▸ Problem details
Set down exactly the lines from the one containing "Class 12 Accounts" to the final line of the records below, with every picture omitted.

Brief descriptive captions:
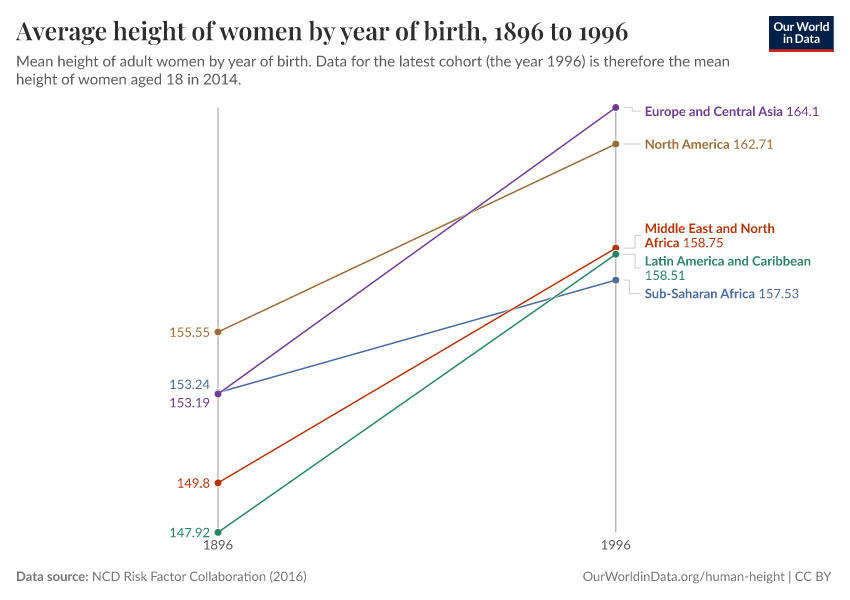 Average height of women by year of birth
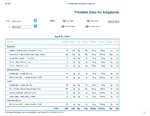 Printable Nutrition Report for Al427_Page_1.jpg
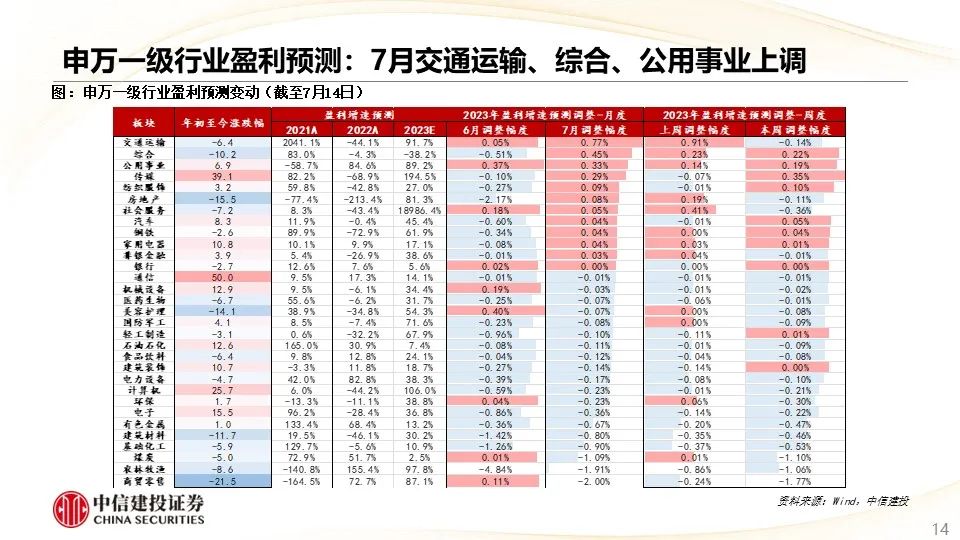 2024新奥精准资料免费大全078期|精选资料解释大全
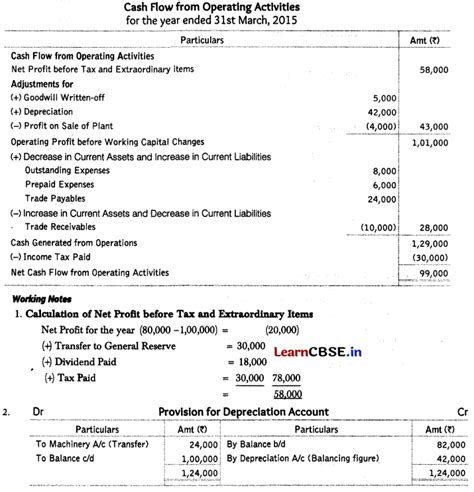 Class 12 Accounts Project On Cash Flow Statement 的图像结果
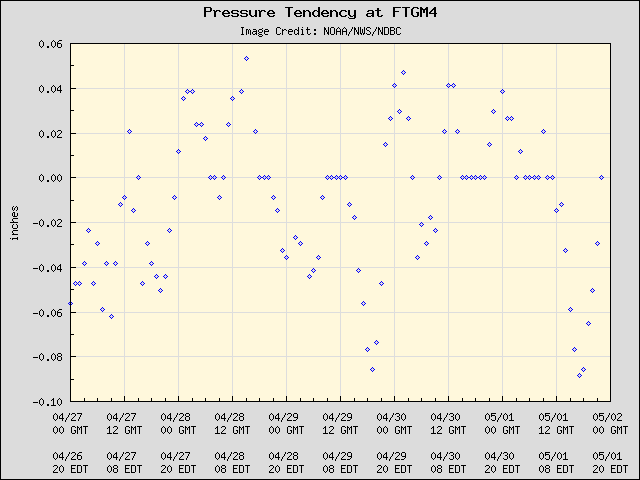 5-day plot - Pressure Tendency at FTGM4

▸ Result for this exercise
 Class 12 Accounts Project On Cash Flow Statement 的图像结果
 5-day plot - Pressure Tendency at FTGM4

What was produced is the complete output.